▶ **WHAT TO WORK ON**:
Here the job is to transcribe only the lines from the one containing "Pink Leopard (Less" through the last line below, exactly as written; please leave out pictures.

▶ **DATA**:
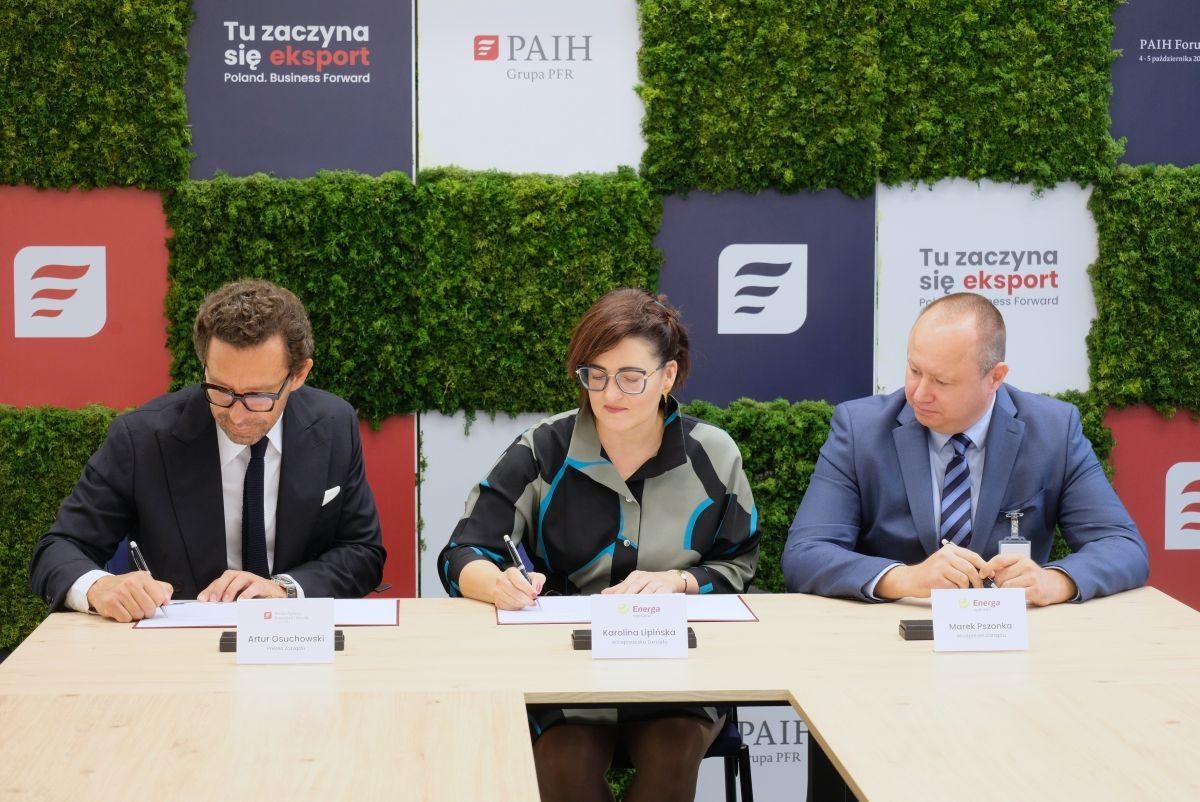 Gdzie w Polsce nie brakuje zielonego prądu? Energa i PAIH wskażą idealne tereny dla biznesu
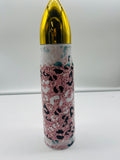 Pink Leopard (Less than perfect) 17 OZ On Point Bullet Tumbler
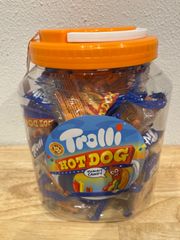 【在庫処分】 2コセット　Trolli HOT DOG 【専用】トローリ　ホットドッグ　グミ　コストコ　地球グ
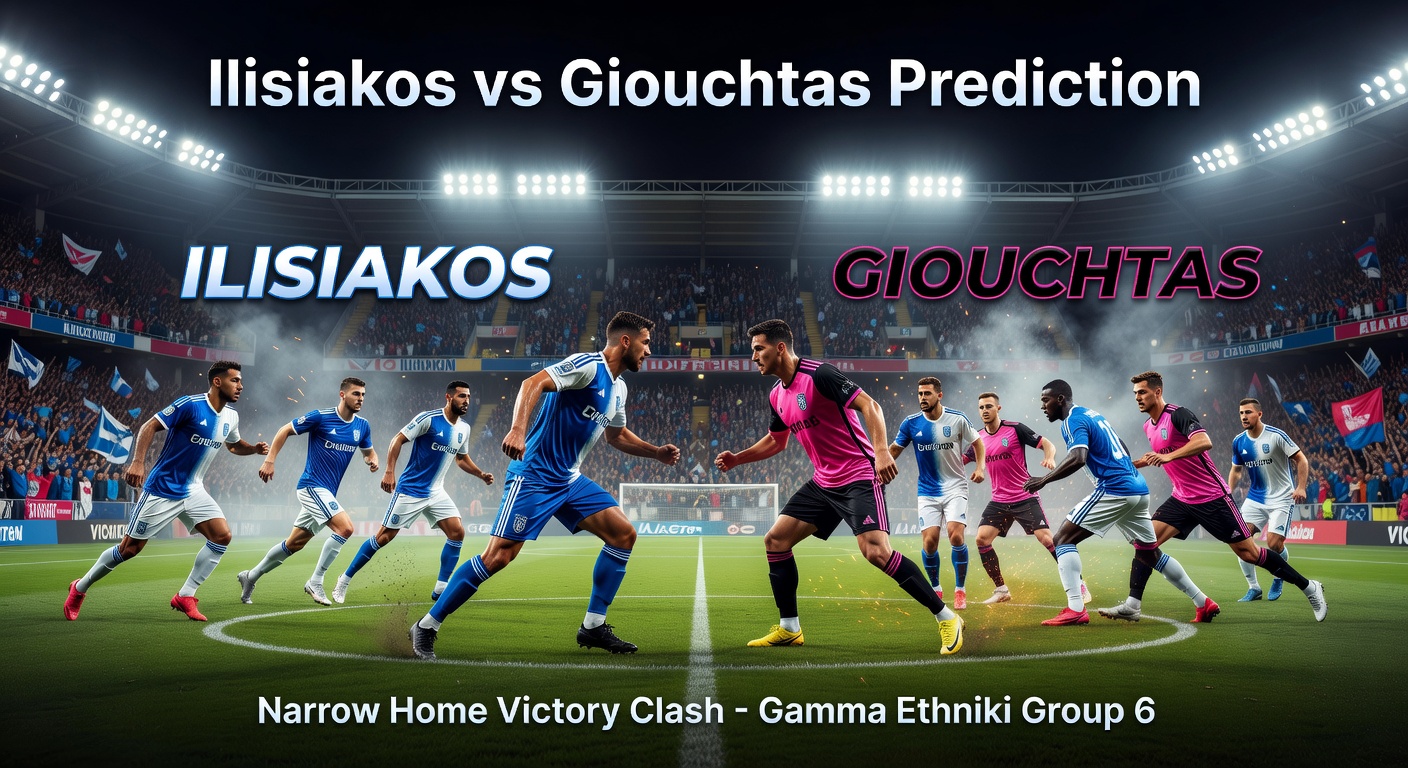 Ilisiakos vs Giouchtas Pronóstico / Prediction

▶ **WORKED SOLUTION**:
 Pink Leopard (Less than perfect) 17 OZ On Point Bullet Tumbler
 【在庫処分】 2コセット　Trolli HOT DOG 【専用】トローリ　ホットドッグ　グミ　コストコ　地球グ
 Ilisiakos vs Giouchtas Pronóstico / Prediction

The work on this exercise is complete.